Chapter 5, Problem 41Q

To determine

The photon energy and photon wavelength and the transition which absorb or emit the visible light.

Answer to Problem 41Q

The wavelength of transition from $0\text{ eV}$ to $1\text{ eV}$ is $1240\text{ nm}$ and this wavelength corresponds to infrared region.

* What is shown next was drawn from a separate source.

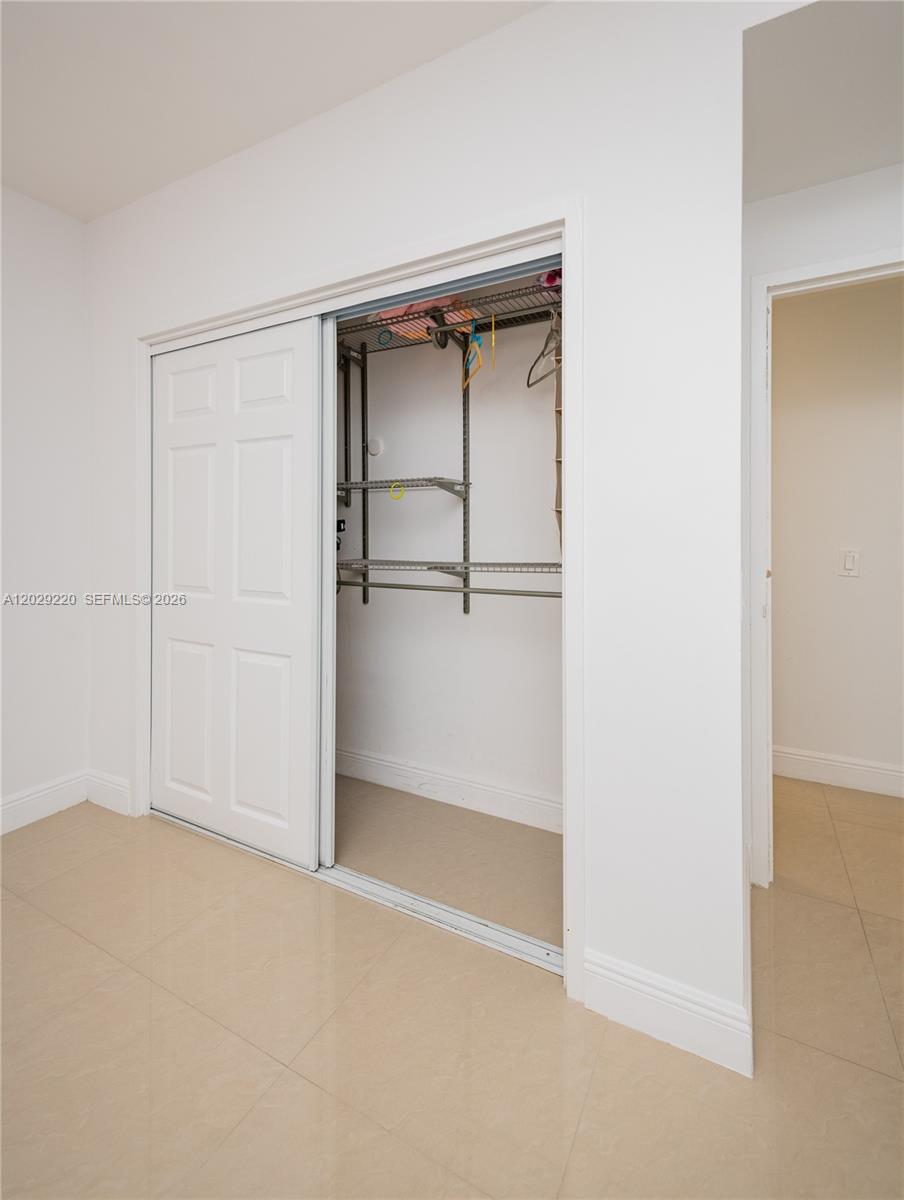 ALEXANDER TOWERS CONDO - Residential Lease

The wavelength of transition from $0\text{ eV}$ to $3\text{ eV}$ is $413.5\text{ nm}$ and this wavelength corresponds to the visible region, and the wavelength of transition from $1\text{ eV}$ to $3\text{ eV}$ is $620\text{ nm}$ and this wavelength corresponds to the visible region.

Explanation of Solution

Given:

The first energy level is $0\text{ eV}$.

The second energy level is $1\text{ eV}$.

The third energy level is $3\text{ eV}$.

Concept used:

Draw the energy level diagram for a photon.

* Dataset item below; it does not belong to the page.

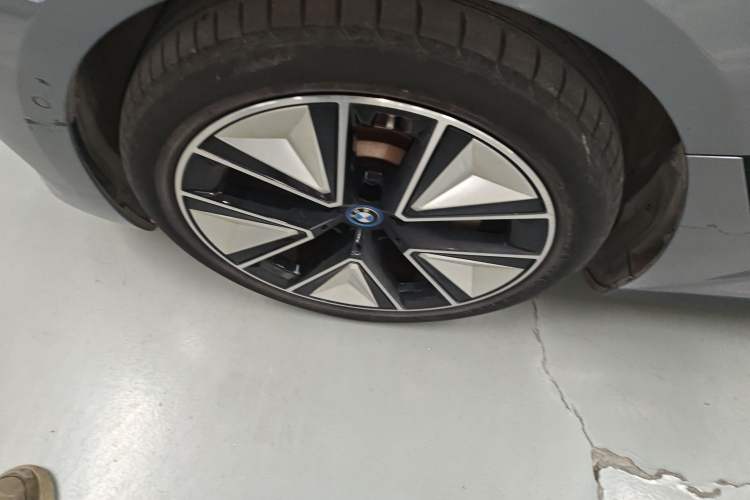Used BMW i3 2024 eDrive 40 L Midnight Sports Package Exterior 7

The possible transitions of an atom are shown in the above figure, the possible transitions are, $0\text{ eV}$ to $1\text{ eV}$, $1\text{ eV}$ to $3\text{ eV}$ and $0\text{ eV}$ to $3\text{ eV}$.

Write the expression for the Energy of the photon.

$E=\frac{hc}{\lambda }$   ............ (1)

Here, $E$ is the energy, $h$ is the plank’s constant, $c$ is the speed of light and $\lambda$ is the wavelength of the photon.

Rearrange Equation (1) for $\lambda$.

$\lambda =\frac{hc}{E}$   ............ (2)

Calculation:

For transition between $0\text{eV}$ to $1\text{ eV}$.

Substitute $1\text{ eV}$ for $E$, $4.135\times {10}^{-15}\text{}\text{eV}\cdot \text{s}$ for $h$, ${\lambda }_1$ for $\lambda$ and $3\times {10}^8\text{ m/s}$ for $c$ in equation (2).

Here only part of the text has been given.